L’attuale legge sulla cittadinanza, ferma al 1992, si basa su un’idea ormai superata: che essere italiani sia solo una questione di sangue. Ignora la realtà sociale, culturale, educativa del Paese. E impone ostacoli sproporzionati: dieci anni di residenza regolare, un reddito stabile, esami di lingua, assenza di precedenti penali. Una corsa a ostacoli che spesso esclude proprio chi è più radicato qui: i giovani.

 

La cittadinanza non è un privilegio da concedere con parsimonia. È un diritto che sancisce l’inclusione piena nella comunità nazionale. È un patto reciproco tra Stato e persona. È lo strumento che permette di partecipare davvero alla vita pubblica, di sentirsi parte di un “noi” comune.

 

Negarla significa tenere fuori migliaia di giovani dai processi democratici, culturali, sociali. Significa alimentare una frattura, un senso di estraneità, un potenziale rancore. Come racconta Ayoub, “non c’è problema più grande dell’estremizzazione sociale e politica, alimentata da esclusione e classificazione continue”. Riconoscere, includere, dare cittadinanza è il primo passo per spezzare questo circolo vizioso.

 

Sara lo dice con chiarezza: “Noi, nuove generazioni arricchite da un mix di culture, rappresentiamo un valore aggiunto inestimabile per la Nazione”. È vero. La diversità culturale è una ricchezza, non una minaccia. Le seconde generazioni sono spesso bilingue, abituate a muoversi tra codici culturali differenti, con una sensibilità aperta e globale. Hanno tutto per essere ponti, e non barriere.


Ma hanno bisogno di strumenti. Il primo di questi è il riconoscimento. Dire sì alla riforma significa dire sì a una cittadinanza inclusiva, a una scuola che forma cittadini, non solo studenti, a una società che non ha paura della pluralità, ma la abbraccia come risorsa.

 

Chi ha paura di questa riforma, spesso immagina scenari lontani dalla realtà: invasioni, concessioni facili, derive identitarie. Ma la verità è semplice: la cittadinanza non toglie nulla a nessuno. Al contrario, aggiunge. Aggiunge partecipazione, appartenenza, responsabilità. Permette a tanti ragazzi e ragazze di sentirsi finalmente riconosciuti, di non vivere più nell’incertezza burocratica o nell’umiliazione di dover “dimostrare” continuamente chi sono.

 

Il referendum dell’8 e 9 giugno non riguarda solo i diretti interessati. Riguarda il Paese che vogliamo essere. Possiamo continuare a costruire muri, oppure scegliere di aprire porte.
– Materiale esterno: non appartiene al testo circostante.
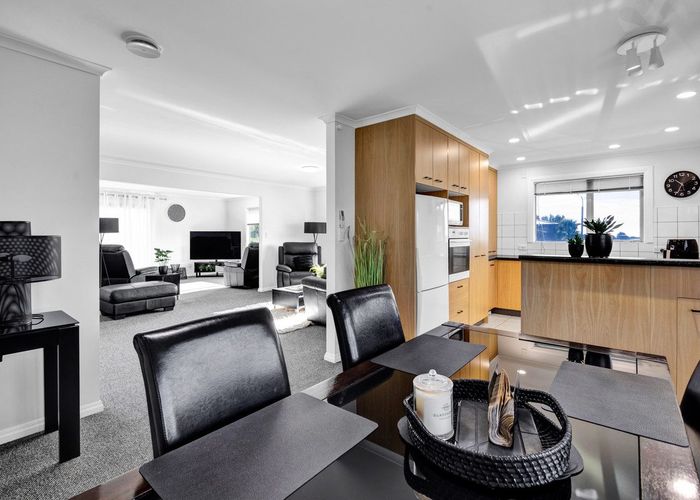  at 85 Wallath Road, Westown, New Plymouth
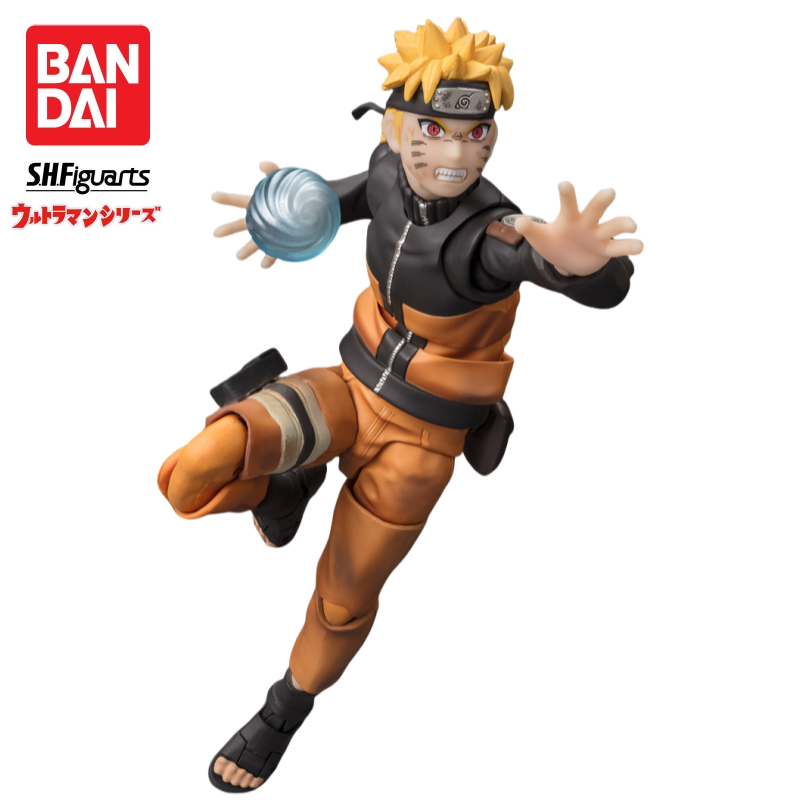 Vendita Immediata Disponibile  - Anime Merchandise Box Set recensione e prezzo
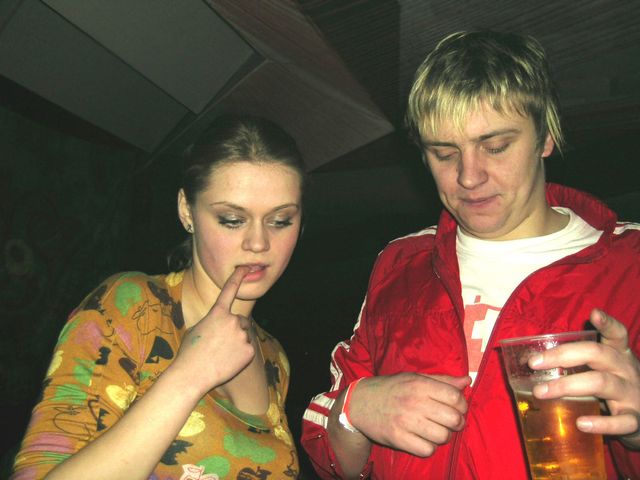 Picture_361.jpg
Possiamo avere paura del futuro, oppure decidere di costruirlo insieme.

 

Votare al quinto quesito significa fare un passo verso una democrazia più compiuta. Significa ascoltare le voci di chi è già italiano nella vita, nella lingua, nelle relazioni. Significa riconoscere che l’Italia, quella vera, è già cambiata. E che il compito della politica non è trattenerla nel passato, ma accompagnarla verso un domani più giusto, più coeso, più umano.